Historian to examine church’s response to John Howard Yoder’s abuse of women

Dr. Rachel Waltner Goossen is Professor of History at Washburn University in Topeka, Kan.

A Mennonite Church USA discernment group was formed in August 2013 to continue healing and reconciliation work in the wake of John Howard Yoder’s (JHY) abuse of women and some ongoing questions about how the church responded to it. This is one of the stated goals: In light of the reality that many and varied assumptions are being voiced about what occurred, we will design a process to fairly and accurately document the scope of JHY’s sexual abuse and the church’s response to it after a careful review of the evidence.

The discernment group, with the authorization of the Executive Board, has invited an historian to engage historical research and documentation on this subject.

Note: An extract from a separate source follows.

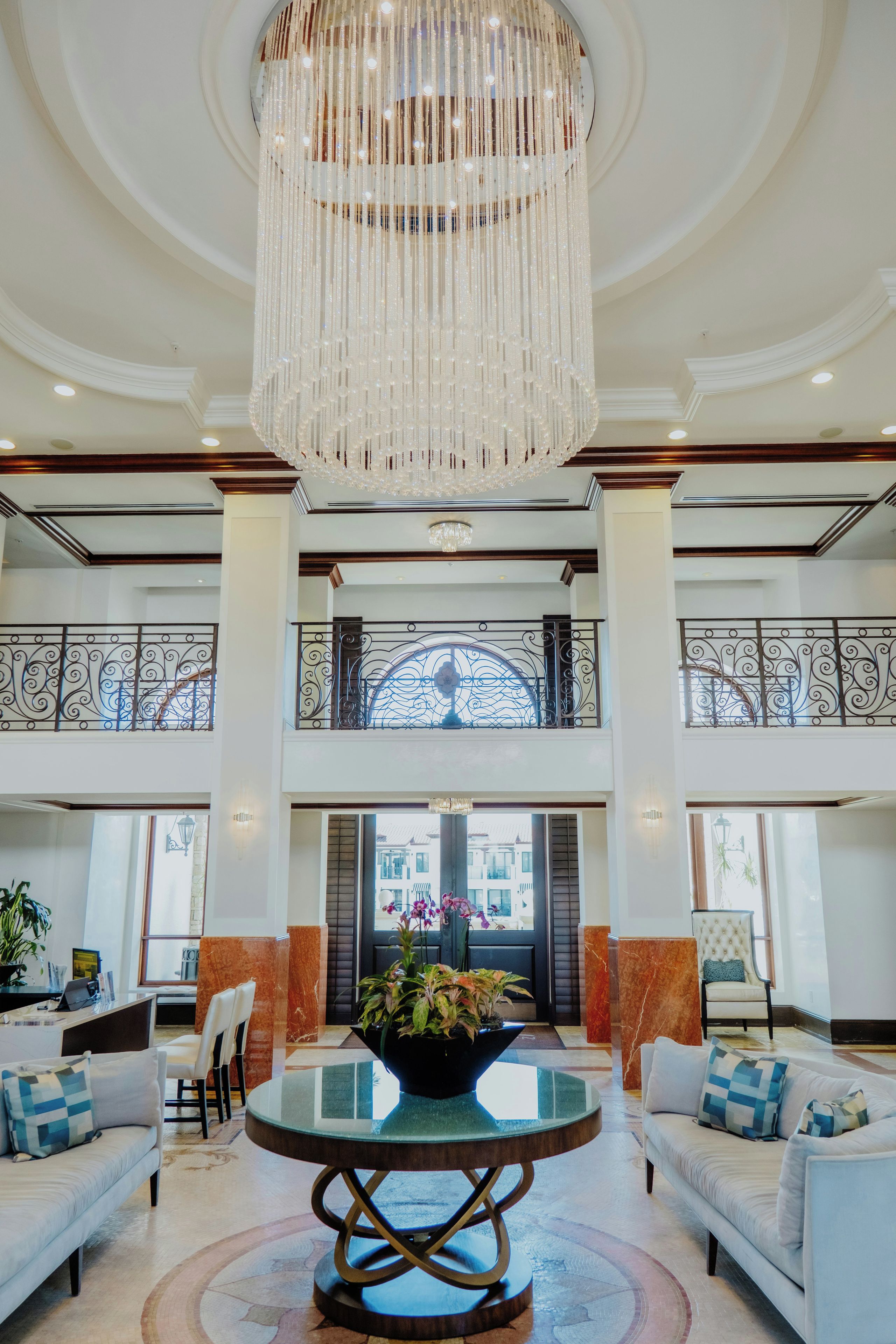 A spacious lobby with a grand chandelier, a round glass table with a plant centerpiece, and a view of the building's exterior through large windows.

Dr. Rachel Waltner Goossen is Professor of History at Washburn University in Topeka, Kan. She has 25 years of experience writing about Mennonite history, peace history and women’s history. She is a graduate of Bethel College, North Newton, Kan., with advanced degrees in history from the University of California–Santa Barbara and the University of Kansas in Lawrence. She is a member of Southern Hills Mennonite Church in Topeka, Kan.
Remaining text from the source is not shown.